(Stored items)
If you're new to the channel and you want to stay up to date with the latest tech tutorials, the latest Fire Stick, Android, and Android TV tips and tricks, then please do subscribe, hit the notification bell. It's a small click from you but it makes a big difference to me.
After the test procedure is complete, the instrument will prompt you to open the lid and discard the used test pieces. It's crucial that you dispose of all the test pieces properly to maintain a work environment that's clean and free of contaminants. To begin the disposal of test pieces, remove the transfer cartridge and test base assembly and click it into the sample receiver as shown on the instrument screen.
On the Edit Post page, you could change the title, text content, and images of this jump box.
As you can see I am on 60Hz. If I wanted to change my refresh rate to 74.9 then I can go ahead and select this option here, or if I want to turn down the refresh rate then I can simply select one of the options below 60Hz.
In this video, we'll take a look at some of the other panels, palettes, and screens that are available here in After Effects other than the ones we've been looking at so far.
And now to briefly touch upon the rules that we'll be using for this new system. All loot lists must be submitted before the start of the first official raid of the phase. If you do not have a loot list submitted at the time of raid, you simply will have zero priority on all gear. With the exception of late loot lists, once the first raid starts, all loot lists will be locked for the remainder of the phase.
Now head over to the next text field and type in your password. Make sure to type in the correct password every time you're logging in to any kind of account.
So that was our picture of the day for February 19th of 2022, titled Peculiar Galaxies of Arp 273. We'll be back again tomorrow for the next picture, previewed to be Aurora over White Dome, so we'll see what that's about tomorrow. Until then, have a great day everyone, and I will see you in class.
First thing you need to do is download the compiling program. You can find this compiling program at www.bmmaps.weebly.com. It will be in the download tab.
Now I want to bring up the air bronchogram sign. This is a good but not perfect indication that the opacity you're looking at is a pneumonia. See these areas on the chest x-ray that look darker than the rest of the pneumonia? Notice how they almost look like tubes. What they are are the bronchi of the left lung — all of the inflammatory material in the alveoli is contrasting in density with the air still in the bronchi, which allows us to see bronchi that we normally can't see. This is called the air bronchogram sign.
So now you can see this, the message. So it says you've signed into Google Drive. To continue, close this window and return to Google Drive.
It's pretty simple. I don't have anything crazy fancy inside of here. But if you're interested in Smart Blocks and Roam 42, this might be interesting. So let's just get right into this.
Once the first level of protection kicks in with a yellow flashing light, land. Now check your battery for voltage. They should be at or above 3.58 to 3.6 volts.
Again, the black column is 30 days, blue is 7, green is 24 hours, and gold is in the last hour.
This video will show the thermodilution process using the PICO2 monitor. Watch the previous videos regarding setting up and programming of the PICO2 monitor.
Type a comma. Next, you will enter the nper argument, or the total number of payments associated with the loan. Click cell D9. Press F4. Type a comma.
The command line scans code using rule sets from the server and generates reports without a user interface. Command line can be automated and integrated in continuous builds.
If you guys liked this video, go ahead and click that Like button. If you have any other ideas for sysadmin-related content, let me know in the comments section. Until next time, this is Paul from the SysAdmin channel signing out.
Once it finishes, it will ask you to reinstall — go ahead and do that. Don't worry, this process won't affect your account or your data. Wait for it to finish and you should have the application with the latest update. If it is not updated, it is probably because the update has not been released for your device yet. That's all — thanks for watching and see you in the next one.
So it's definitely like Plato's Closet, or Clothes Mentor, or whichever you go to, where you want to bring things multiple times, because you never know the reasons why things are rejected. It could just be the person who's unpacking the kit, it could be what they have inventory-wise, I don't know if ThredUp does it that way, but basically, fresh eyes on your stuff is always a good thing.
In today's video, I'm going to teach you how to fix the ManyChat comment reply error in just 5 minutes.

== Work to be completed ==
Once you have found every line above holding the word "should", copy those lines.

== Worked solution ==
Once the first level of protection kicks in with a yellow flashing light, land. Now check your battery for voltage. They should be at or above 3.58 to 3.6 volts.
Once it finishes, it will ask you to reinstall — go ahead and do that. Don't worry, this process won't affect your account or your data. Wait for it to finish and you should have the application with the latest update. If it is not updated, it is probably because the update has not been released for your device yet. That's all — thanks for watching and see you in the next one.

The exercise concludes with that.